You even mentions switch & uplink (implies tagging).Edit:
I hear ... : I want to go from 1 physical IF, and "fan out" to 4 physical IF'sDoable with a switch & tagging
-
@bingo600 said in Is it possible to create "virtual" WAN interfaces? (not VLANs):
How would that be possible wo. vlan tagging ?
You even mentions switch & uplink (implies tagging).Well, switching and uplink don't necessarily mean trunk/tagging. By saying "uplink" I simply mean a connection to a cascading switch further up the tree (in this case, to the ethernet switch inside the modem).
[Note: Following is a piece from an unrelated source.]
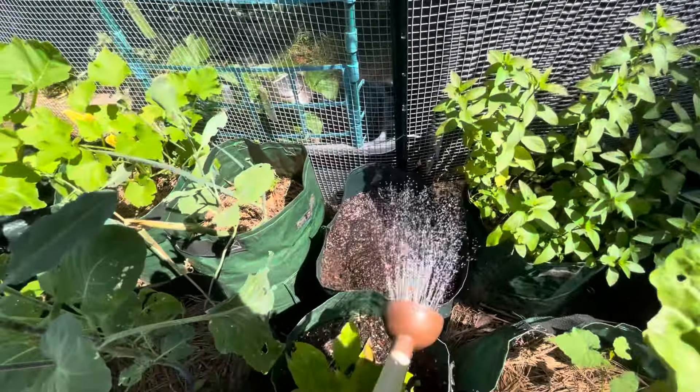I also have cucumbers planted here, and as you can see they're already flowering, so I should see some cucumbers pretty soon. If you did not plant any cucumbers yet, you can do what I just did and go ahead and drop some seeds. Also bush beans — if you have not started your bush beans, you can go right ahead and do that. Not too late.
If you directly connect a basic switch (no VLAN support, just plain access ports) to a modem, and connect 3 different routers to your switch, they will all obtain IP addresses from the ISP, without any VLAN tagging. It's exactly what I want to achieve, by creating 3 virtual interfaces in pfSense that I could then bridge together with my physical port #4, which would act as an uplink to my modem. Basically, I want pfsense to act a a switch by using a bridge of interfaces that would combine 1 physical IF and 3 virtual IF.
Maybe it's clearer explained this way?
I don't have time for a drawing right now because I'm already in bed but maybe tomorrow if I have some spare time
-
Ahh ... Now i see.
But i doubt you can do that w. pfSense.I think you have either physical interfaces , or vlan tagged interfaces.